Several world-leading scientists believe they have discovered what triggered the Magnitude 9 Great East Japan Earthquake of 2011. After drilling into the Japan Trench, they surmised that the slippery clay in the ultra-thin fault zone caused the earthquake that devastated the region and caused a massive tsunami as well, killing 16,000 and injuring 6,150 in 20 prefectures.
27 scientists from 10 different countries conducted the research in the Japan Trench plate boundary megathrust fault by drilling three holes in the ocean floor and looking at the rupture zone where the tectonic plates from the Pacific and North America meet. The clay is “the slipperiest clay you can imagine” according to geologist Professor Christie Rowe from Canada, comparing it to lubricant. It was because of this substance that it was able to slip through the tectonic plates and travel at faster speeds than that of the normal earthquakes.

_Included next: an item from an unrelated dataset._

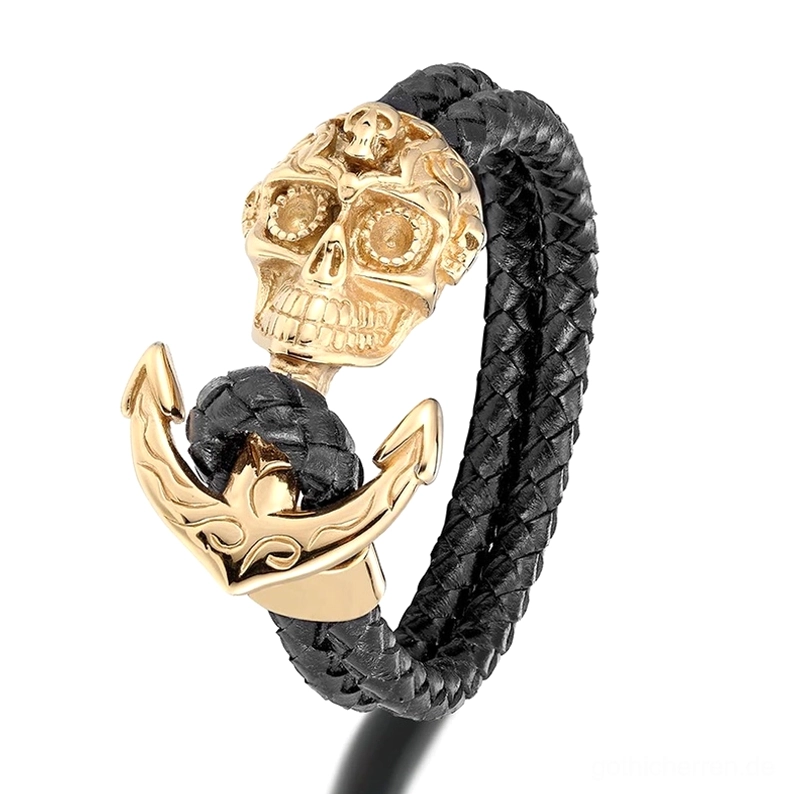 Vergoldetes Gothic Schädel Anker Lederarmband für Herren mit goldenem Edelstahl Verschluss und schwarzem geflochtenen Lederband - Memento Mori Design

But what’s more worrying is that this “deadly clay” can actually cause other similar earthquakes. For example, a similar type is seen in other weak spots in the northwest Pacific crust, from Russia’s Kamchatka peninsula to the Aleutian islands. Another area that contains similar sediments is the Hikurangi Trench in New Zealand up towards Tonga. Kotaro Ujiie, an associate professor at Tsukuba University said that the layer they discovered in that area is about one to five meters thin and is 90% made of low friction clay called smectite. It was originally volcanic ash that was on the surface until it slipped under the plate over a long period of time. Dr Virginia Toy of the University of Otago said that the rock they found in the Japan trench was made of 78% smectite.